Names the actual stack (HubSpot, Asana, QuickBooks, etc.), describes their workflow, and can point to reports they built.

Red flags

  • Lives in email and spreadsheets only
  • Relies entirely on ops or finance to pull data
  • Cannot describe a real workflow

Culture fit (3)

What kind of clients do you not enjoy working with, and how do you handle them anyway?

What to listen for

Self-awareness paired with professionalism. They can name the archetype and the workaround without dehumanizing the client.

Red flags

  • Says they love every client
  • Describes clients with contempt
  • No workaround, just complaint

When you disagree with leadership on how to run an account, what do you do?

What to listen for

Direct, private disagreement first, commits publicly once decided, revisits with data later.

Red flags

  • Complains to the team
  • Never disagrees
  • Lets disagreement fester into disengagement

What would a great first 90 days look like for you in this role?

What to listen for

Concrete listen-and-learn plan, stakeholder introductions, low-risk early wins, alignment on what success looks like.

Red flags

  • Arrives with a prescriptive plan before listening
  • No milestones or deliverables
  • Focused purely on internal changes, ignoring clients

Work-sample evaluation

Account managers don't bring portfolios in the creative sense, but strong candidates can walk you through artifacts they created:

  • A disguised statement of work or retainer proposal.
  • A QBR deck and the outcomes that followed.
  • A written account plan or success plan for a key client.
  • An escalation email handling a real client issue.
  • A short narrative of one account from onboarding to renewal or expansion.

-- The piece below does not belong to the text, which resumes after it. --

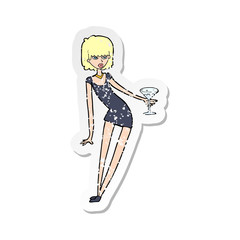 retro distressed sticker of a cartoon woman with cocktail
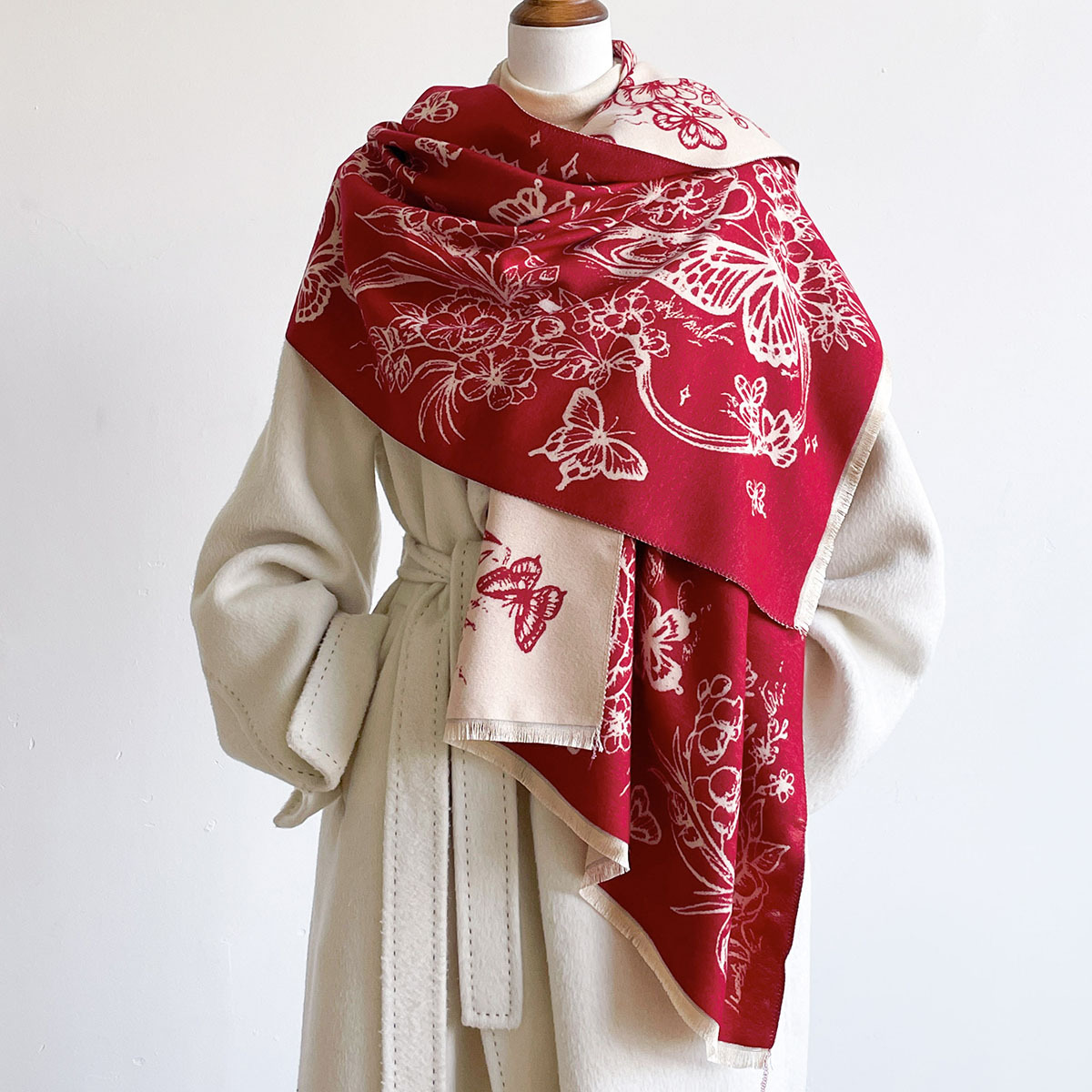 Imitation Cashmere Scarf For W - Pashmina Wrap Large 评论和价格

Ask them to redact names and numbers if they need to. Refusal to share anything at all is itself a signal.

Frequently asked questions

How long should an account manager interview process be?

Most agencies run three to four stages over two to three weeks: a recruiter screen, a hiring manager interview, a scenario or case study, and a panel with delivery and leadership. Anything longer than four weeks tends to lose strong candidates.

Should account managers complete a take-home case study?

A short case study (two to three hours) based on a disguised real client scenario is reasonable and highly predictive. Avoid multi-day projects that ask for free strategy work.

What is the biggest predictor of success in an agency account manager?

Commercial literacy combined with genuine curiosity about the client's business. Candidates who can read a P&L and can ask good questions about a client's revenue model tend to outperform those hired only on warmth.

Should we hire agency-side or client-side account managers?

Agency-side candidates ramp faster on multi-client juggling and commercial models. Client-side hires can bring deeper vertical expertise but often need time to adjust to utilization, billable time, and context-switching.

What compensation structure works best for agency account managers?

A base salary with a modest variable tied to retention, organic growth, and client satisfaction. Heavy commission structures push account managers to behave like salespeople and can damage client trust.